Pressure is the energy that creates the calming signal.

If someone stands quietly next to a horse’s shoulder, exhales, and asks for his eye by looking at it, that must count as pressure in the strictest sense. That was the point of the man’s question. By this prickly definition, the only way to not use pressure is to stay in the house.

Some of a horse’s calming signals are small and some are the equivalent of screaming bloody murder, like the old-time lion act. We are all communicating pressure somewhere on that whisper-to-a-yell continuum. Pressure and anxiety are Siamese twins, attached like cause-and-effect, ask-and-release.

Do horses feel pressure when we aren’t there? Of course, for a start, there are herd dynamics, season change, hormonal swings, predators, sourcing food and water, and more than we understand, chronic pain. Domestic horses have a few more on top of that, living in confinement.

Do we feel pressure when we aren’t around horses? Of course, peer pressure, self-criticism, anticipatory grieving, and the pressure above all others; we have the big fat stinky love for horses. Sometimes we can barely breathe for loving them. How many times do we laugh and shake our heads at our inexplicable behaviors? (Human calming signal.)

All of this before riding, before the pressure of a saddle that might not fit perfectly, a girth pulled extra tight in a vulnerable place, the weight of a bit, metal on bone, the threat of control on a vulnerable joint before the hands are even on the reins.

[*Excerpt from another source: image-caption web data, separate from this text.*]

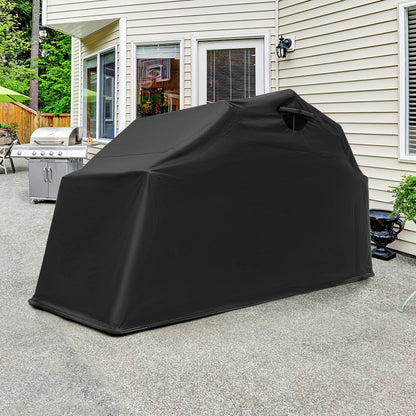 Outdoor Motorcycle Shelter Waterproof Motorbike Storage Tent with Cover, Black Carports   at Gallery Canada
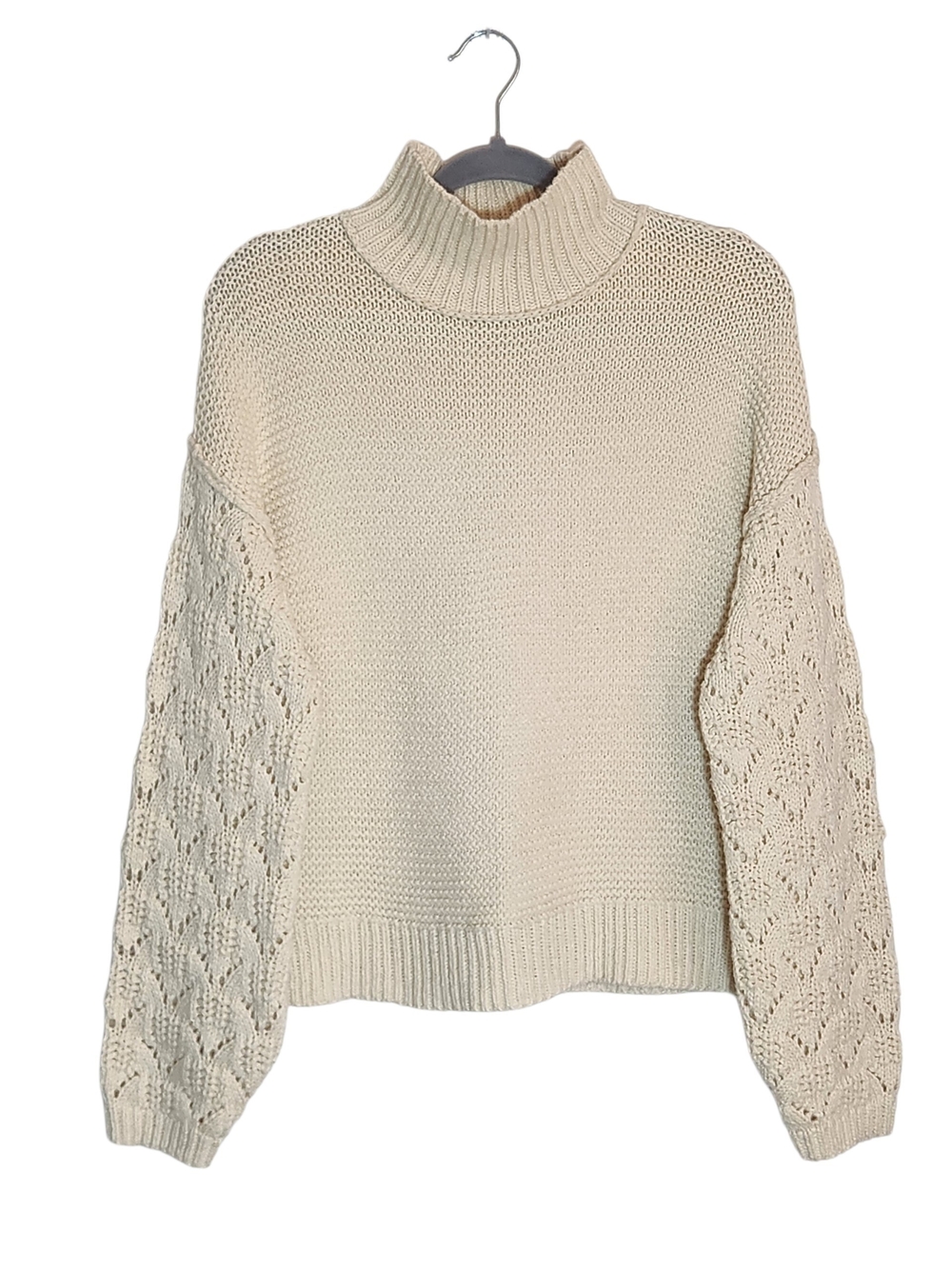 Universal Thread Cream Cropped Sweater with Open Knit Sleeves Size Medium
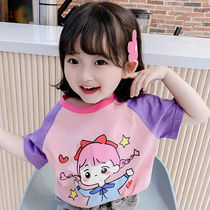 Girls short-sleeved summer dress foreign childrens cotton T-shirt womens summer color compassionate T-shirt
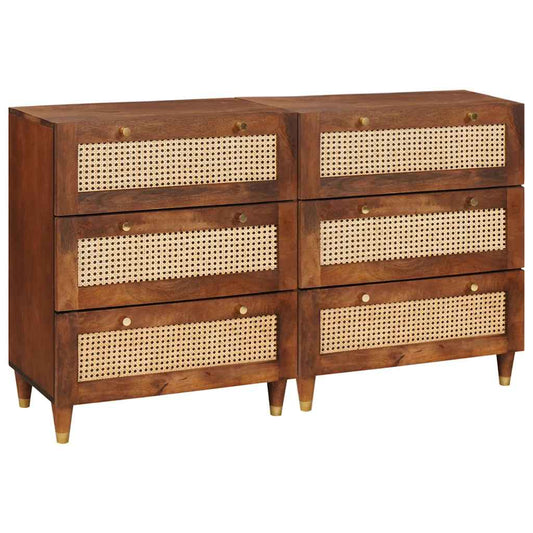 Sideboard-Set 2 pcs Braun 60 x 33.5 x 75 cm Massivholz Mango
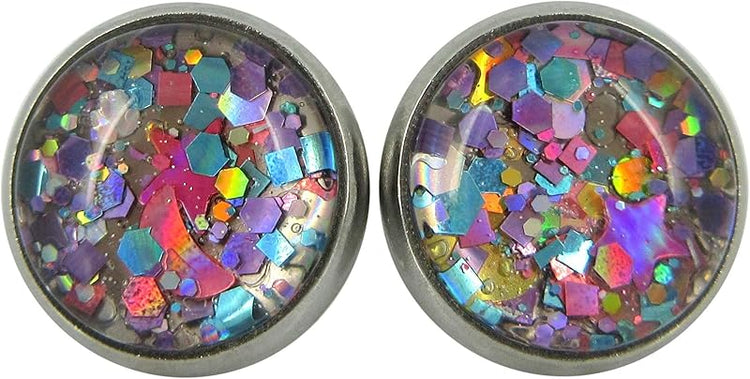 Summerfield Collection Stainless Steel Metallic Pastel Glitter Glass Stud Earrings Hand-painted 10mm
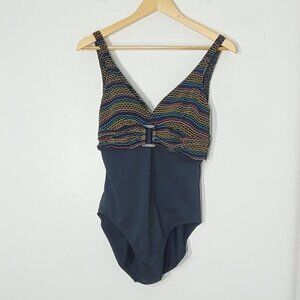 Baltex Women's Multicolor Patterned Sleeveless Bottom One-Piece Swimsuit Size 14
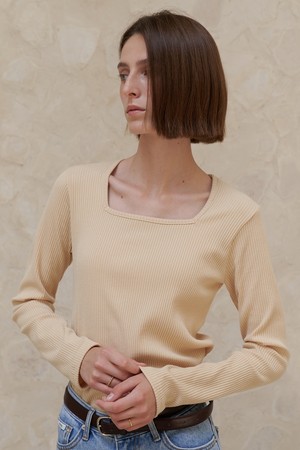 A SQUARE NECK RIBBED T [3colors]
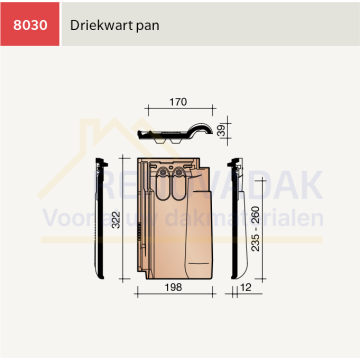 3/4 pan Koramic Tuile du Nord 18 Matzwart Engobe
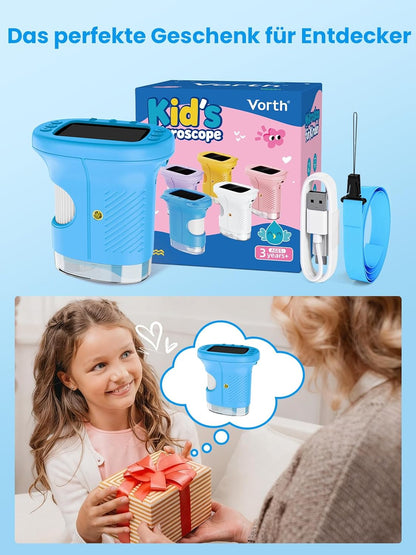 Mikroskop Für Kinder, 2.4 Zoll Digitales Mikroskop Mit 1000-Facher Vergrößerung, Tragbares Taschenmikroskop, Pädagogisches Weihnachten Spielzeug Für Kinder Ab 4 5 6 7 8 9 10 11 12+, Blau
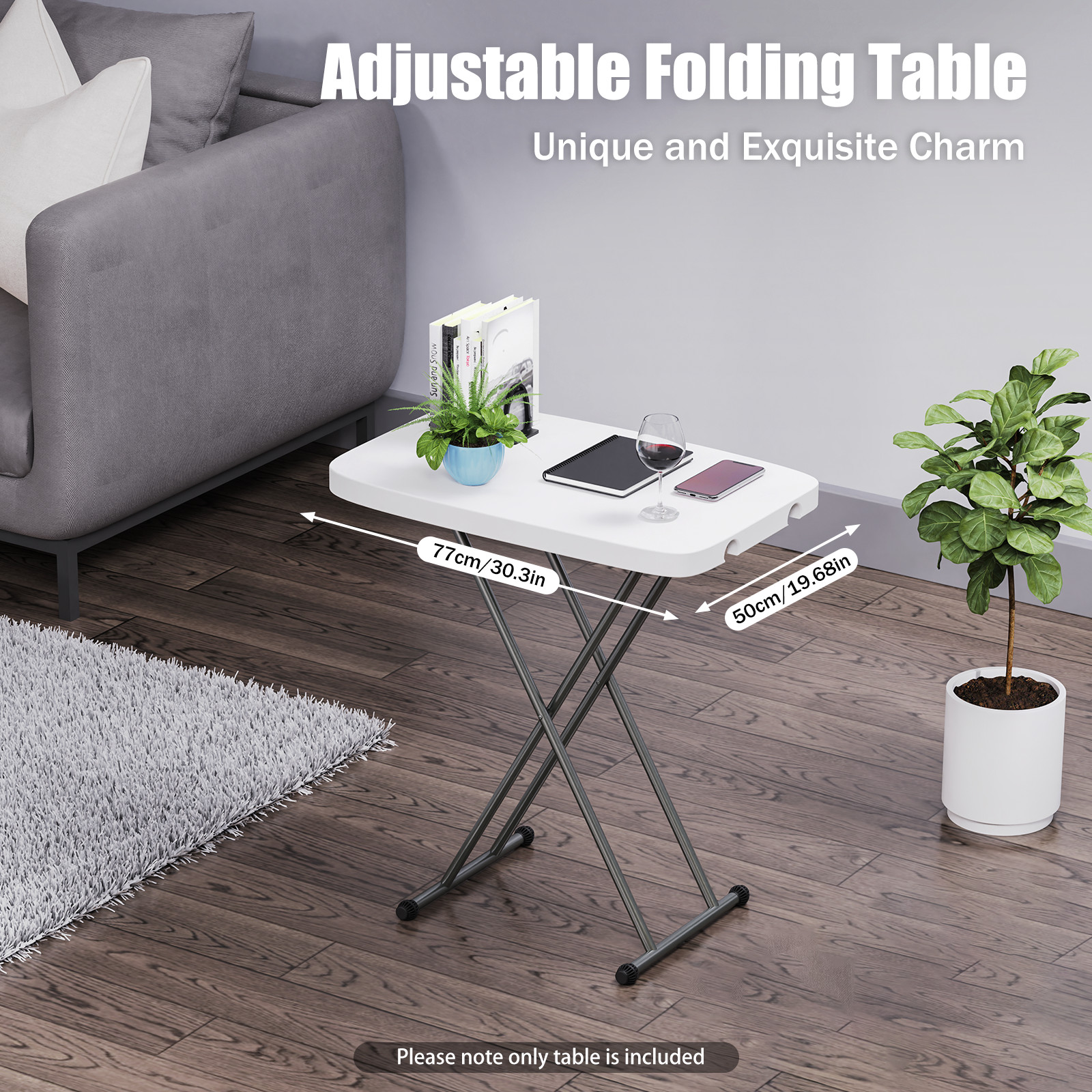 Folding Adjustable Height Table 30x20 Top Laptop Writing Art Crafts Tv Dinner US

How much of the pressure that horses feel do we take for granted? How often do we minimize the pressure we feel emotionally about horses?

One of the most common things people tell me is their horse is really sensitive. No, really very sensitive. Then they might explain a particular extreme behavior that I routinely hear about.

For the record, some horses are not more sensitive than others. Some shut down to escape pressure and some react, but beyond behavior, horses all have the same nervous system. They are beautifully sensitive animals.

Why am I such a killjoy about pressure?

Horses don’t naturally give to pressure. Their natural instinct is to lean into it. One example: Horses don’t pull on the reins by themselves, they do it in response to the pressure of our hands. Then, because humans don’t naturally give to pressure either, we respond by pulling back, reacting to their pull and now it doesn’t matter who started it. Some of us will pick a fight then, we might go to a stronger bit, or some might silently carry a grudge and just let our hands get heavier without really noticing. Resistance trains resistance.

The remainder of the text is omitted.